Robert Joseph introduces the session with a quick overview of the South African winemaking situation as it currently stands. He clearly separates the country’s winemaking history from its roots back in the 1600s, to the birth of modern South African winemaking, which really began in 2000, after decades of political isolation and strict governmental control. Joseph referres to South Africa as the “youngest” wine producer in the New World, despite having had grapes there for over 400 years. It was not until post-2000 that the country could access good quality wines from famed wine regions around the world and exchange information regarding style and technique. Top wines from South Africa are all made by modern, new producers – there is not a history of generations of high-quality family wine making. Richard Kershaw MW, originally from the UK, and Andrea Mullineux, originally from the USA, are introduced as two examples of excellent winemaking in modern South Africa, with Mullineux’s winery achieving great recognition and hailed as “Winery of the year” and “Winemaker of the year”. Richard Kershaw is a Master of Wine, one of only a very few who actually make their own wines. He is experimenting with clonal selection, location and style.

Kershaw and Mullineux give a detailed presentation of the unique ancient character of the South African soils, which have been undisturbed by volcanic and seismic activity for over half a billion years.

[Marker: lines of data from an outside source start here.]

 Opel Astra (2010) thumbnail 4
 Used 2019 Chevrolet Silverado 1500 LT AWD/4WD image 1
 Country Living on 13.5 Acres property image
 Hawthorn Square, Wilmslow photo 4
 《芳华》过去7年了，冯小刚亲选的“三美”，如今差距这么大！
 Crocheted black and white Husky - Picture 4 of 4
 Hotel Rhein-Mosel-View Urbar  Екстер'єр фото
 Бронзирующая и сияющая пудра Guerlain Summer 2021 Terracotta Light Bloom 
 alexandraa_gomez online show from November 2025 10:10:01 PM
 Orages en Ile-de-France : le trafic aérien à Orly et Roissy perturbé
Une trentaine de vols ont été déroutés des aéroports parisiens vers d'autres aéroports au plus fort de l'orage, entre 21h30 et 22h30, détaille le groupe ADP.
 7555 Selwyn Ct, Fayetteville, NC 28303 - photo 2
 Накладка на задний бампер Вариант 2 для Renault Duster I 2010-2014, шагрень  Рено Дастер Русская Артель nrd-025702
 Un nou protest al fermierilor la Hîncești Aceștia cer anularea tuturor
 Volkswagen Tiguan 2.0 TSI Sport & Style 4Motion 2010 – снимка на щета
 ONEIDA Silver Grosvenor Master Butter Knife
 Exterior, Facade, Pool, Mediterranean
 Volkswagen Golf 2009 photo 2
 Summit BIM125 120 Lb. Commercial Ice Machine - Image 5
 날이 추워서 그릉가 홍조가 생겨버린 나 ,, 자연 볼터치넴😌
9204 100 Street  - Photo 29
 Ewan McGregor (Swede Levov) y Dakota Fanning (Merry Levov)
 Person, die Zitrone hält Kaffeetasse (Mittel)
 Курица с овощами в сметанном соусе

Large areas of single soil types provide pure examples of terroir. The key to moving South African wine production industry away from quantity and into quality will be the right grape and clonal selection, planted in the right place.

The first wine is Mullineux’s Schist Chenin Blanc 2021, with the label reflecting the importance of the schist soils of the vineyard. These very hard soils don’t allow water to penetrate, the roots stay compact and shallow, creating a very compact canopy of smaller leaves, smaller bunches and smaller grapes. The vines are trained in the bush-vine style (“alberello”) to protect from wind. Chenin is a good “drought mate” as Mullineux remarks, due to early flowering, early budding, and early ripening, protecting the grapes from the later dry months. The clonal differences in South Africa make the Chenin wines produced here very different to the Chenins from their “home” location in the Loire in France.  The location of the vineyard, at 33° S latitude gives a very high angle of sunlight, creating grapes that ripen to a golden, freckled, slightly thicker skin, which ultimately gives the wines more phenolics and a creamy texture that comes directly from the grape, not from batonnage. The wine has notes of neutral oak, acacia and white peach, with a vibrant acidity, a chalky, almost waxy texture, hints of lime blossom and passion fruit with broom flower and quince.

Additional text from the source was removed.